3天以后,冷寒璧做了一串葡萄型的吊坠,每一颗葡萄籽儿都打磨的光滑圆润,看的自己都觉得满意的笑了,才放手。
冷源进来,看见他问道。“好了?”
“好了。”
“她是刘家的女儿。叫*儿。官家小姐。是派人送去,还是你自己去?”
冷寒璧将装好玉坠的盒子递过去。“派人去吧,我们耽搁太久,应该启程回家了。若有缘,自然会再见。”
*儿看着手里的吊坠,自然而然的笑了,她知道是谁。这应该是他亲手做的,都是心灵手巧,想了此人心性定然聪明。
杨何欢看着她一个人发呆,也凑过来。“你连他叫什么都不知道。还想了做什么?”
“他也不知道我叫什么,却一样找到我了,不是吗?”
“这倒是,想来也是个人物咯。只是这徽州城若真有这样的人,你会不知道。”
“他不是徽州的。我听他喊旁边的人叫冷源,便是姓冷。冷是漳州大姓,只是,那边多数武林人士。看他衣着,做派应该不是普通人,烟霞山庄主有两个儿子,大儿子冷寒璧自小喜欢玉器,这已经不是什么新鲜事情,我猜的不错,便是他了。”
杨何欢嘴巴能塞进去一个鸭蛋了。“你就这样,便知道他是谁了?会不会错啊?是不是武断了。”
*儿摇摇头。“不会错的。”
“佩服佩服。你整天就算计这些吗?”*儿点头笑了笑。
“这是求生之道,如果我们也能和那些江湖儿女一般,不拘泥与这些繁文缛节,自然是好。只是不一样的命理,他也不过是我路过的罢了。”

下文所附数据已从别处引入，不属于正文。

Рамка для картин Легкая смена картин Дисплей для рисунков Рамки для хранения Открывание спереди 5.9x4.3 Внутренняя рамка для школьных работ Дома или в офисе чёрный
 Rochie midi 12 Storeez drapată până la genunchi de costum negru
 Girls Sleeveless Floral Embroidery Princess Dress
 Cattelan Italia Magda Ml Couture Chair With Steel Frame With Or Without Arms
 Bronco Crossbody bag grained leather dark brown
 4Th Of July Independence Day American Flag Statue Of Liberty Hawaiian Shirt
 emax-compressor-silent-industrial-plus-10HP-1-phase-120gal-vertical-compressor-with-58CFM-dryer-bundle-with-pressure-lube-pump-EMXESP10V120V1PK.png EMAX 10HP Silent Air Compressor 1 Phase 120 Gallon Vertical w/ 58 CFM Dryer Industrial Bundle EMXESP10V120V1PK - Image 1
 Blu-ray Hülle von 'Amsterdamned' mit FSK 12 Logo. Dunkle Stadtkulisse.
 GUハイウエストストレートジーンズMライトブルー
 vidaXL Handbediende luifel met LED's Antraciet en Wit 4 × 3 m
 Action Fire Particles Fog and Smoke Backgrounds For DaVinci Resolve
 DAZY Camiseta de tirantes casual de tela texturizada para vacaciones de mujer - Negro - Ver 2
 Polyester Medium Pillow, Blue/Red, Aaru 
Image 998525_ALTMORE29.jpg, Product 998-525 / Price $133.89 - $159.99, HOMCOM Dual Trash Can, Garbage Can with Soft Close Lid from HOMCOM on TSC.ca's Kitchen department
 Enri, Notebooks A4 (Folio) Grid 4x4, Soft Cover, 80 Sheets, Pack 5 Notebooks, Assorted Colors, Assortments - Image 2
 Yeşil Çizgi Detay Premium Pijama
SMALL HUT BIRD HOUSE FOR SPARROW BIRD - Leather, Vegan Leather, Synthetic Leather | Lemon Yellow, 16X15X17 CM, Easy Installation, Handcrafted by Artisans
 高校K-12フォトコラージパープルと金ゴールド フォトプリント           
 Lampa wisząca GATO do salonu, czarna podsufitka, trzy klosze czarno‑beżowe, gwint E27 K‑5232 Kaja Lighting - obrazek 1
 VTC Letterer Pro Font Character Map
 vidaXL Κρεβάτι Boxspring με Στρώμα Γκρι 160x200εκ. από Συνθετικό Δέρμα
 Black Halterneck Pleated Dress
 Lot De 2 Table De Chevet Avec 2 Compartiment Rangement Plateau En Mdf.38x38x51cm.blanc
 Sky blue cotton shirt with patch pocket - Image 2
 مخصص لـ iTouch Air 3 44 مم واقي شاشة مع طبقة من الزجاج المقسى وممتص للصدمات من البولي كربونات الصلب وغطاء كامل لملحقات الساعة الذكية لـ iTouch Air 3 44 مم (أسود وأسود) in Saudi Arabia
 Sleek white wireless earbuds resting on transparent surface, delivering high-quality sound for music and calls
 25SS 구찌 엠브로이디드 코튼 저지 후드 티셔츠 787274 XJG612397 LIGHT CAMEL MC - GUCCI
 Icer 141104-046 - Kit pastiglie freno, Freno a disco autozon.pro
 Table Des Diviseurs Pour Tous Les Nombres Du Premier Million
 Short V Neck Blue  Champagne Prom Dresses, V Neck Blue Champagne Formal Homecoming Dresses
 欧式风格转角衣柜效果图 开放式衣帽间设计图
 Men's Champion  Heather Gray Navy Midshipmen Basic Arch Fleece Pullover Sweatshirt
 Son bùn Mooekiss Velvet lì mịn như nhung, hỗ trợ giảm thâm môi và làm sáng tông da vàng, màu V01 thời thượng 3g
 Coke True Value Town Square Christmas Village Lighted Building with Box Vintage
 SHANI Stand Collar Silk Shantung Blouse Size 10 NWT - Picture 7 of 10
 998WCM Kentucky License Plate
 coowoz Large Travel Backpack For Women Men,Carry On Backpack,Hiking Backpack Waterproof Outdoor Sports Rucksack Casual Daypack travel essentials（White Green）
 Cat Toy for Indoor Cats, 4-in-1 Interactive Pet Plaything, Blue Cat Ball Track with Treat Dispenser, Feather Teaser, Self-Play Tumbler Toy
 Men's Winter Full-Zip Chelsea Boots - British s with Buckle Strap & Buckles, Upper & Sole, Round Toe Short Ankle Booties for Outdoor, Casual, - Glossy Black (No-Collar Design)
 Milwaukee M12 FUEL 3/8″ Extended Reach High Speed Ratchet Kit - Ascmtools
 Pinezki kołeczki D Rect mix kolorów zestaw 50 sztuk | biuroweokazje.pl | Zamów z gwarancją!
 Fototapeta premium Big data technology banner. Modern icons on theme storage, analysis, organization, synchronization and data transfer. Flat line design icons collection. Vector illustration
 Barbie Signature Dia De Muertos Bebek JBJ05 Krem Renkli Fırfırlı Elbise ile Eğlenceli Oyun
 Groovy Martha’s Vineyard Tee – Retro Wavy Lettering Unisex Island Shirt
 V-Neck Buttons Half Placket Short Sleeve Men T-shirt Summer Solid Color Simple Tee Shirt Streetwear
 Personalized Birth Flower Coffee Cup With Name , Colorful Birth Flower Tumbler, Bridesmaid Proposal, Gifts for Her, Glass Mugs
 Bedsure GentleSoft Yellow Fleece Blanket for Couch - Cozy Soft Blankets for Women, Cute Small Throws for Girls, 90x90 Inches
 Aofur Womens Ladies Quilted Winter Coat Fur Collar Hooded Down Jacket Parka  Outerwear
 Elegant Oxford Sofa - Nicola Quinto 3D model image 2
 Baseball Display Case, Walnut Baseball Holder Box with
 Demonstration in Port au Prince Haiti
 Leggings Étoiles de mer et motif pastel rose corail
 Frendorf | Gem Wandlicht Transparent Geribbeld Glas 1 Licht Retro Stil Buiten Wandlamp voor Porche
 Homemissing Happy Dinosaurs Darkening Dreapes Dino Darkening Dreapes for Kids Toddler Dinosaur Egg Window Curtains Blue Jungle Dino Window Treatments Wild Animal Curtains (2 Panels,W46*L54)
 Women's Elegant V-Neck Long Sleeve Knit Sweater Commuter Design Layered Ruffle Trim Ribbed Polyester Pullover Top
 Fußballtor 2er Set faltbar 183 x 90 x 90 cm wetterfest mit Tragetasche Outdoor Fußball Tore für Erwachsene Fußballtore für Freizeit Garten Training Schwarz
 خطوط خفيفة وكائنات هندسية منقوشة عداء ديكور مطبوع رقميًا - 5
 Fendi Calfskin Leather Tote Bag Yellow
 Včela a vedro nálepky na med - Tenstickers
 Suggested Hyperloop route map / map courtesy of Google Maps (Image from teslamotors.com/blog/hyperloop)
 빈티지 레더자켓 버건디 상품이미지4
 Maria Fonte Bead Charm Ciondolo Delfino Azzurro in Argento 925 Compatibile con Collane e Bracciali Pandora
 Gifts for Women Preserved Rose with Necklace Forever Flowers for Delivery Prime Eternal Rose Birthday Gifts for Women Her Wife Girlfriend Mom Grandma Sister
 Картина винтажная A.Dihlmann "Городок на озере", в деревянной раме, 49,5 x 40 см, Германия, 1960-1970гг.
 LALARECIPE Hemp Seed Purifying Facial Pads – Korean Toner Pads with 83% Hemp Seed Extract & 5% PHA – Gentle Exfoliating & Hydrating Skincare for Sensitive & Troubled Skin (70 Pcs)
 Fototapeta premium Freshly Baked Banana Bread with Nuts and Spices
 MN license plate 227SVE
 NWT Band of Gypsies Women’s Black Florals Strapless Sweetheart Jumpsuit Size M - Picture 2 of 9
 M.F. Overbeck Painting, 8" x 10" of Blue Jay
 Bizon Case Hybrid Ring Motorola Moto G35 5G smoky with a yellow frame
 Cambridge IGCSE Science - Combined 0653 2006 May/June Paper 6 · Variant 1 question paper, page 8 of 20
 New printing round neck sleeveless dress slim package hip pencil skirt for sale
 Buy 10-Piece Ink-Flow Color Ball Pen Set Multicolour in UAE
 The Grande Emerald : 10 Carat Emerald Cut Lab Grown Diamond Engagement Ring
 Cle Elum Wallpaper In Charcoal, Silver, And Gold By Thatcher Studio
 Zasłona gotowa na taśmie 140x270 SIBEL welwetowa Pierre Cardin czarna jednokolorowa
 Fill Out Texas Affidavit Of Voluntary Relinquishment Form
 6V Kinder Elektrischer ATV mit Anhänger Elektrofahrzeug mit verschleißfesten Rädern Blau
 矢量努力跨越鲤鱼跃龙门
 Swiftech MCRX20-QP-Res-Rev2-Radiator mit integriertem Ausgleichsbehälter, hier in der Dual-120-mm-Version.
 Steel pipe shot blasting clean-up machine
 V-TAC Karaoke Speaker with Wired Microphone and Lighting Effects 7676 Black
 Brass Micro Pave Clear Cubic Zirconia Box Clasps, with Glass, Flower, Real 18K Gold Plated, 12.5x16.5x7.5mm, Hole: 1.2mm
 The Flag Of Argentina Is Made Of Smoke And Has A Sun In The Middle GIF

*儿盖上盒子,不想去看,却还是拿出来。“何欢,帮我戴上吧。”
几个月后。
太后大寿在即,杨彦特意派人送信来徽州。希望刘密能帮自己准备一件礼物。
文帝孝顺,这世人皆知,所以,太后大寿,更是当成大事。
刘密得知太后喜佛,便想若能雕一尊玉佛,那不是很好。玉通灵,佛归心。
*儿的丹青极佳,让她画出来,再请师傅去雕。毕竟杨彦都开口说了,自己不能不顾。
“这玉器,什么为佳品,什么为次等,最熟悉不过的,就是漳州冷家。而那个大公子,雕刻手艺更是不一般啊,何不请他??”管家在一旁建议。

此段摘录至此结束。